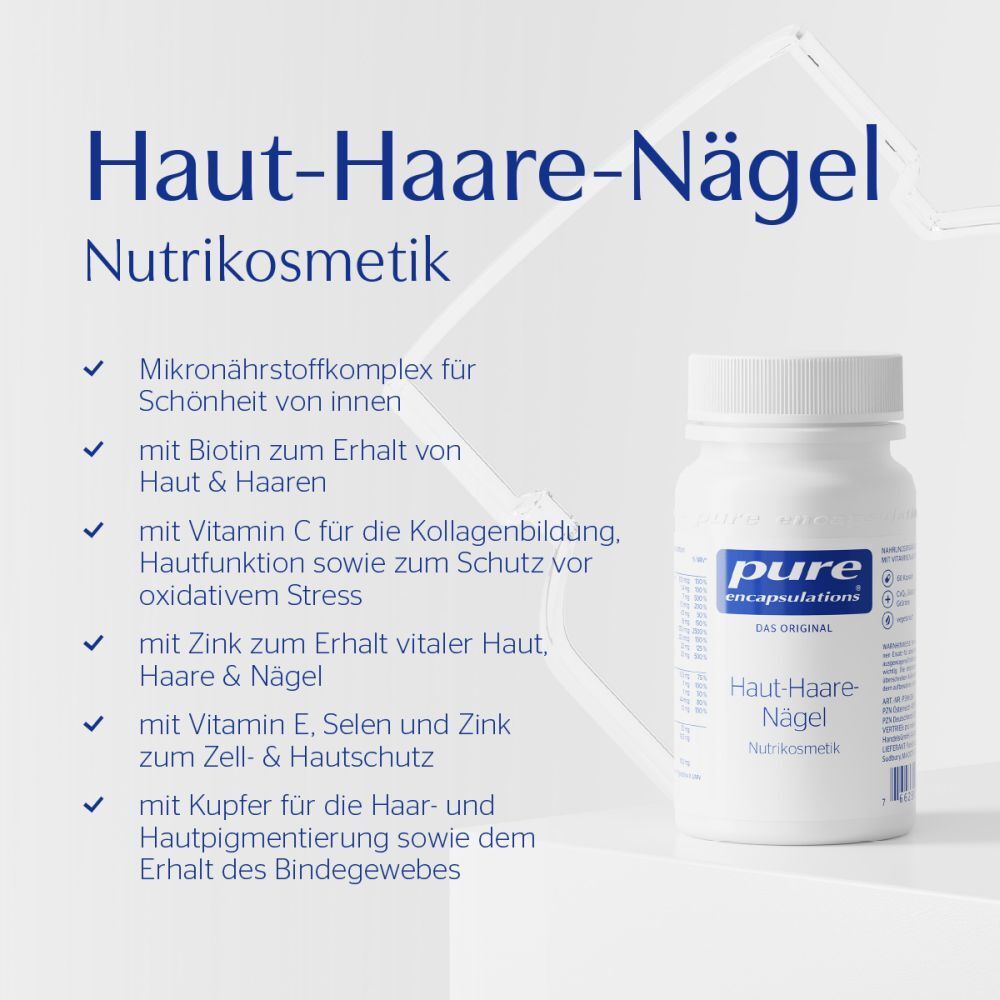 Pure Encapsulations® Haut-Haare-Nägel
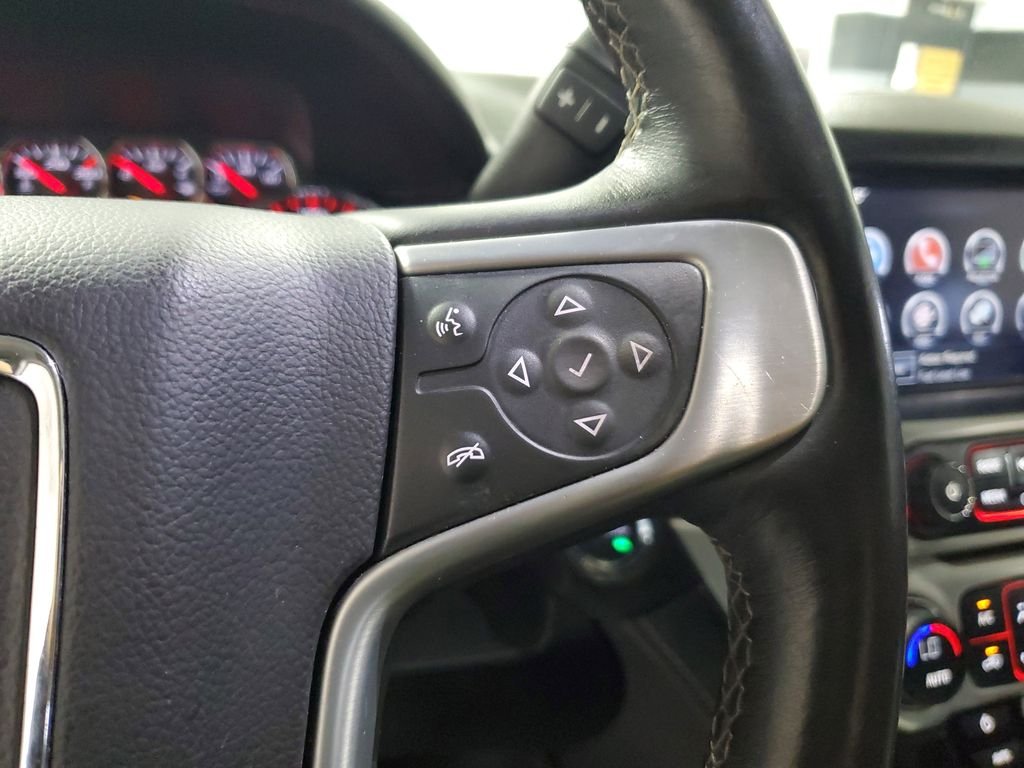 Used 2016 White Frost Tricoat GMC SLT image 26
...
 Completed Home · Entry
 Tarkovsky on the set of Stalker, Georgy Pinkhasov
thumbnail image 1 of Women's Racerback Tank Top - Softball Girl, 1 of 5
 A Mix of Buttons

EXERCISE GOAL → Whatever else the listing above holds, retype exactly only the lines from the one containing "thumbnail image 1" to the one containing "A Mix of Buttons", both ends kept.

RESPONSE BELOW →
thumbnail image 1 of Women's Racerback Tank Top - Softball Girl, 1 of 5
 A Mix of Buttons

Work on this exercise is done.